Una forma di criminalità non trattata a sufficienza in Italia ma che trova posto nell'ultimo rapporto della Dia è la Criminalità Nigeriana.

I primi insediamenti di nigeriani in Italia si registrarono negli anni ’80 principalmente attraversoflussi migratori irregolari che hanno interessato inizialmente le regioni del nord-Italia e in particolare il Veneto, il Piemonte, la Lombardia e l’Emilia Romagna dove oltre a comunità operose ed inclini all’integrazione si sono progressivamente manifestate sacche di illegalità.
Espressioni criminali qualificate si verificarono quando vennero intercettati i primi “corrieri”
di droga. In Italia infatti il primo arresto di un narcotrafficante nigeriano risale al 1987. L’operatività di gruppi “organizzati” venne ad evidenziarsi nei primi anni ’90 nel centro-sud in
particolar modo in Campania, nella provincia di Caserta e sul litorale domitio. Le strutture
criminali nigeriane sono oggi attive su gran parte del territorio nazionale con presenze importanti nelle isole maggiori in particolare a Palermo, Catania e Cagliari ma anche nel Lazio e in Abruzzo.
L’alto tasso di disoccupazione rilevato tra i nigeriani presenti sul territorio nazionale, raffrontato col considerevole ammontare delle rimesse di denaro dall’Italia verso la Nigeria, consente di ipotizzare che un alto numero di soggetti disoccupati o in posizione di inattività di etnia nigeriana presenti in Italia possano almeno potenzialmente essere attratti dalle compagini malavitose autoctone o di quell’etnia e che i flussi delle rimesse, oltre alla quota sicuramente preponderante di natura lecita che attesta l’operosità della comunità nigeriana, possano celare anche proventi di attività illegali.
Gli interessi criminali delle consorterie nigeriane si concentrano prevalentemente sulla tratta di esseri umani connessa con lo sfruttamento della prostituzione e l’accattonaggio forzoso a cui si associa un progressivo sviluppo nel settore del narcotraffico gestito talvolta in collaborazione con gruppi criminali albanesi. Tali sodalizi risultano inoltre attivi nelle estorsioni in danno di cittadini africani, nella falsificazione di documenti, nelle truffe e frodi informatiche, nella contraffazione monetaria, nonché nei reati contro la persona e il patrimonio.
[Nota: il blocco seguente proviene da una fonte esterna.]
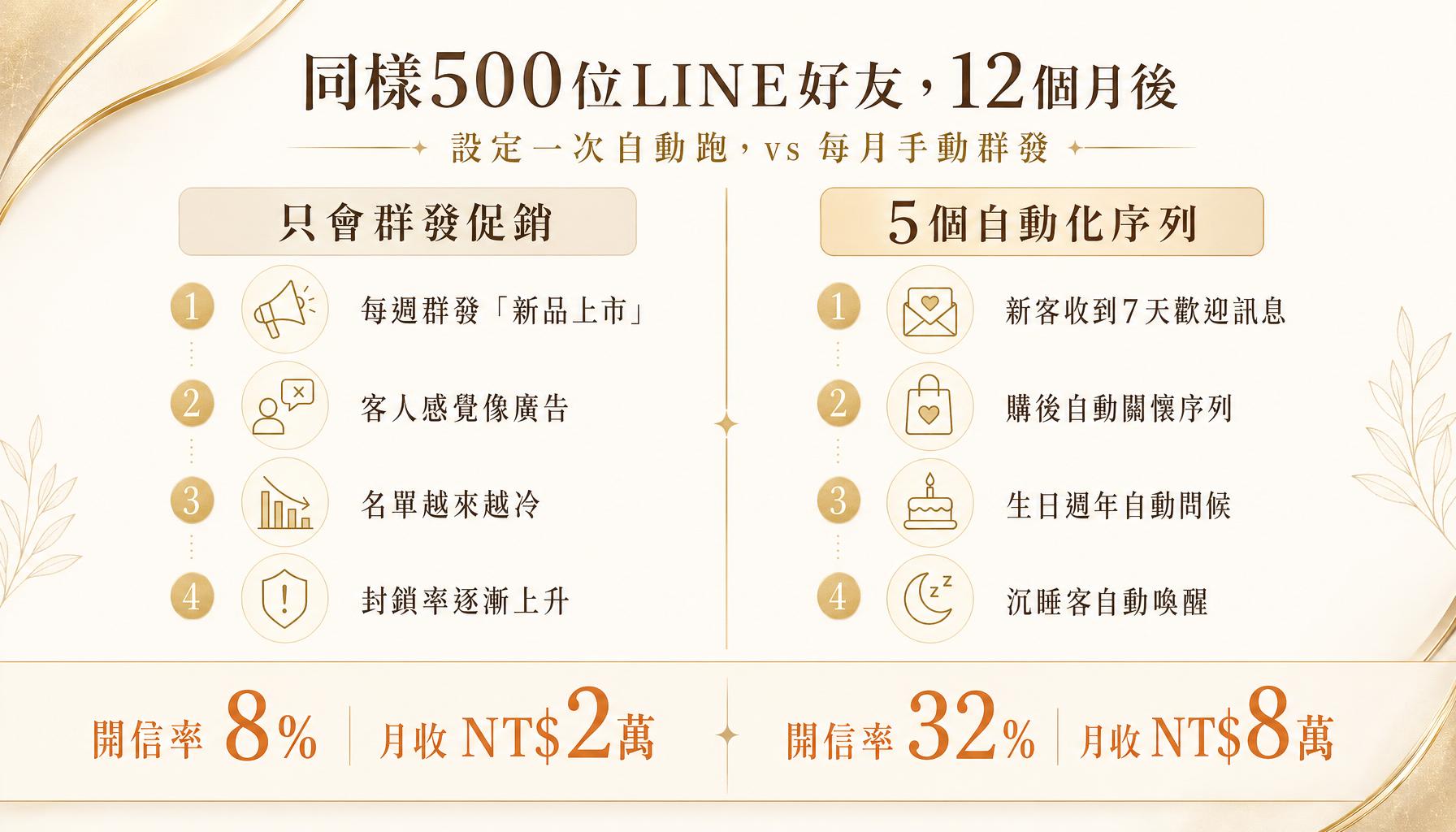 你不可能記得每個客人的生日，但網站可以 — 重點摘要圖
Anche
questa criminalità etnica sembra esprimersi su diversi livelli poiché taluni soggetti operano nella veste di semplice manovalanza nello spaccio al dettaglio. Tuttavia sotto il profilo della pericolosità economica e sociale assumono predominante rilievo i c.d. secret cults i cui tratti tipici sono l’organizzazione gerarchica, la struttura paramilitare, i riti di affiliazione, i codici di comportamento e più in generale un modus agendi relativamente al quale la Corte di Cassazione si è più volte espressa riconoscendone la tipica connotazione di “mafiosità”. Significative nel merito pure le motivazioni della Sentenza con la quale la Corte d’Appello di Torino ha condannato per associazione di tipo mafioso i componenti di due organizzazioni nigeriane i MAPHITE e gli EIYE in conflitto tra loro (operazione “Athenaeum”).
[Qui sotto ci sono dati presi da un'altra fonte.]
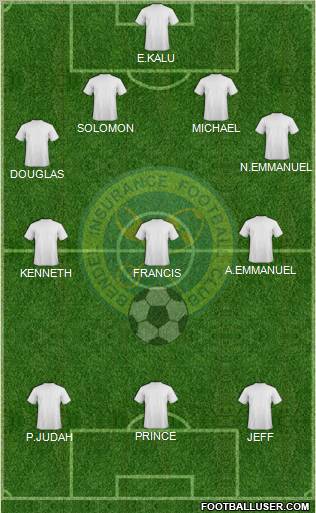 Bendel Insurance FC 4-3-3 football formation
Rivestono, tuttavia, fondamentale importanza sotto il profilo della riconosciuta similitudine
dell’operatività dei sodalizi nigeriani a quella mafiosa, come già riportato nelle precedenti
Relazioni semestrali le operazioni “Maphite – Bibbia verde” e “Burning Flame” coordinate rispettivamente dalle DDA di Torino e Bologna e per le quali sono rispettivamente state pronunciate il 25 settembre 2020 e il successivo 29 ottobre sentenze di condanna per associazione di tipo mafioso.